Isn't there a contradiction here somewhere?
The GPL is part of a series of copyleft licenses. Surely the name means that they differ from traditional copyright?
Also, this is only a theoretical question so that I could know what rights I would have. Probably it would sometime be done the other way. I know I have changed my mind about licences before, but I was still developing the project along.
This is a question about US copyright laws. United States of America (US). No distro, because the question applies to ANY "piece of software", that can be liscenced. But it applies to only your work and only if you are the sole owner of the work. And I'm only talking about official versions, not versions still in development, where you haven't decided which license to go to.
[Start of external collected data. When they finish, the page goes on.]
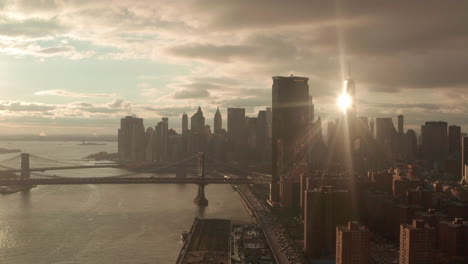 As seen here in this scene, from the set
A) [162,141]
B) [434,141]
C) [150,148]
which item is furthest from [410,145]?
[150,148]

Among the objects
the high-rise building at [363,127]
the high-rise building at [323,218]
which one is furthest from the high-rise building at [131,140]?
the high-rise building at [323,218]

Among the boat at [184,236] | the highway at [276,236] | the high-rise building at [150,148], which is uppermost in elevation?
the high-rise building at [150,148]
Just if you wanted to change it in your "official" version.
If you yourself wrote the software, or have acquired the copyright to said software through other means, you have All Rights Reserved. If it was published under one license, that material will remain out there under that old license. But if you change the license for subsequent versions, then the new material will be under that new license.
Lawyers can explain that all with more authority but at a higher price.
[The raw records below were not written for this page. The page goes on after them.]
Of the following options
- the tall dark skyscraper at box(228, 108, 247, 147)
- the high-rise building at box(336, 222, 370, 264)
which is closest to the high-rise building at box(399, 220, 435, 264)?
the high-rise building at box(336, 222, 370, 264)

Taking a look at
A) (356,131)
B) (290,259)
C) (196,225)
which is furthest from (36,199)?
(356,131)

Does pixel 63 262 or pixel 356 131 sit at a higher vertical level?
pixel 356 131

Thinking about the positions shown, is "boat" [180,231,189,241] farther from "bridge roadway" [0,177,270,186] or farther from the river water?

As for how that works, the US is part of the Berne Convention:
That enforces specific provisions in regards to copyright. The gist is that software is considered expression, thus copyright applies, and that copyright is automatic until waived.
However, the copyright part only applies to what has been published, not stuff still under development and which has not been published (assuming you are the original author or have otherwise acquired copyright for the software):
As for interpretation of specific details there, the usual approach is to lawyer up and fight it out in court until only one party is left with any money remaining or else the court renders a decision first.